With the trait being safe, it is actually possible to write patterns that behave different from the `PartialEq` that is explicitly defined and intentionally exposed on that type,
but only if one of the involved crates implements `StructuralPartialEq` incorrectly.
This can lead to semver issues and logic bugs, but that is all allowed for safe traits.
However, this also means unsafe code cannot rely on `==` and pattern matching having the same behavior.
To make the trait unsafe, the logic for `derive(PartialEq)` should use `#[allow_internal_unsafe]` to still pass `forbid(unsafe_code)`.
+ What should the `StructuralPartialEq` trait be called?
The current name can be considered confusing because the trait reflects a shallow property, while the value-based check performed when a constant is used in a pattern is defined recursively.
+ Trait bounds `T: StructuralPartialEq` seem like a strange concept.

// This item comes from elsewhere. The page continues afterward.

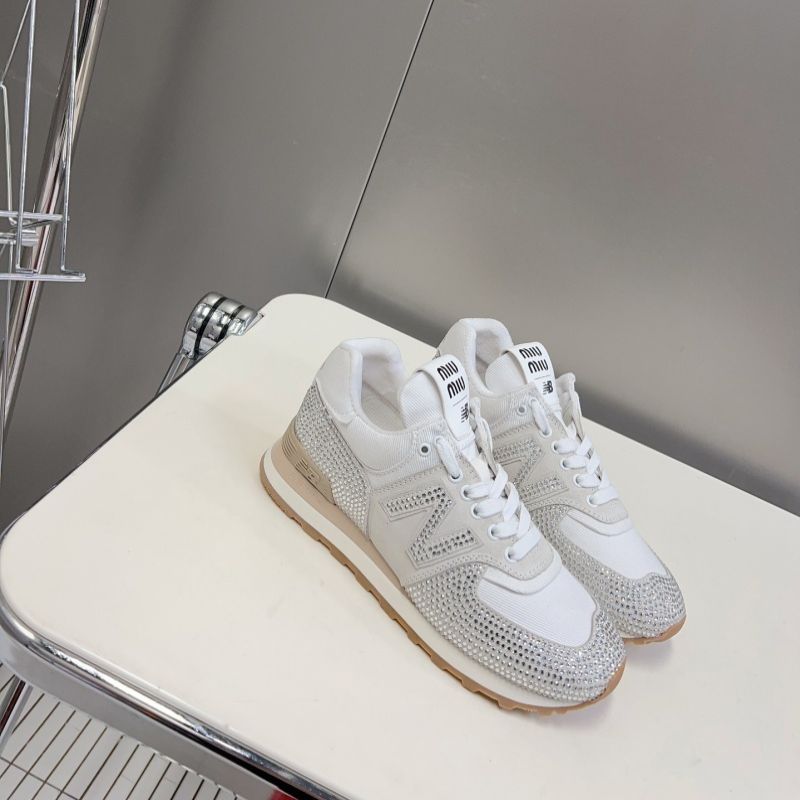 Miu Miu x New Balance 574 crystal-embellished sneakers.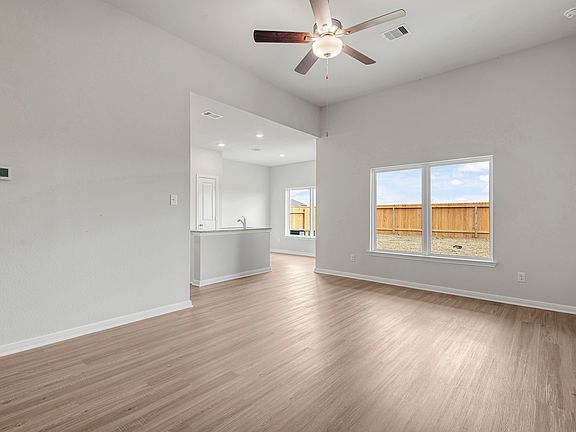 Enjoy views of the backyard from the living room and dining room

Should we really allow them?
- To avoid interpreting `derive(PartialEq)` as a semver-stable promise of being able to structurally match this type,
we could introduce an explicit `derive(PartialEq, StructuralPartialEq)`.

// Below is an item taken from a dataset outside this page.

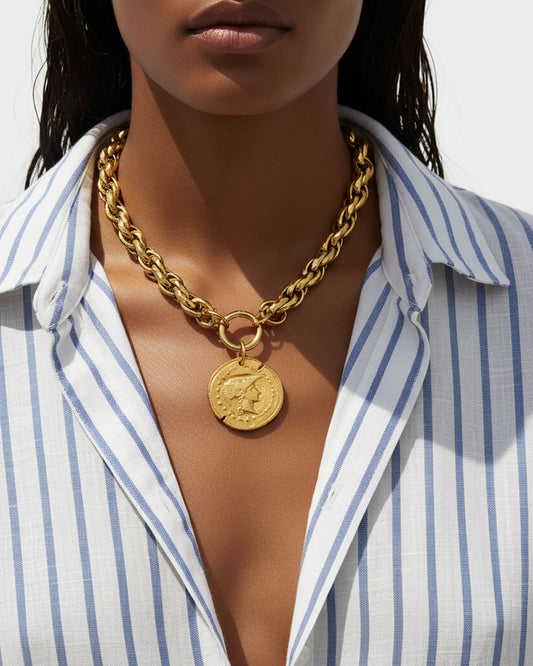 Model wearing a gold chunky chain necklace with a large Athena coin pendant.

However, that would be a massive breaking change, so it can only be done over an edition boundary.
It probably would also want to come with some way to say "derive me all the usual traits" so that one does not have to spell out so many trait names.
- The semver stability argument only applies cross-crate.
That indicates a possible future where inside the crate that a type was defined in (or, if we want to take into account abstraction: everywhere that we can access all private fields of the type),
we allow matching even when there is no `PartialEq` implementation.
However, when there is a custom (non-derived) `PartialEq`, we need to be mindful of programmers that expect `match` to work like `==`, so it is not clear whether we want to allow that.
The RFC is deliberately minimal and hence does not introduce any crate-dependent rules for constants in patterns;
it's been more than seven years since RFC 1445 was accepted, so we don't want to delay completing its implementation any further by adding new features.
- We could consider introducing the concept of "pattern aliases" to let one define named "constants" also for patterns that contain wildcards and ranges.
These pattern aliases could even have binders.
- Eventually we might want to allow matching in constants that do *not* have a structural equality operation, and instead have completely user-defined matching behavior.
By rejecting matching on non-structural-equality constants, this proposal remains future compatible with such a new language feature.
- In the future, we could consider allowing more types in range patterns via a further opt-in, e.g. something like `StructuralPartialOrd`.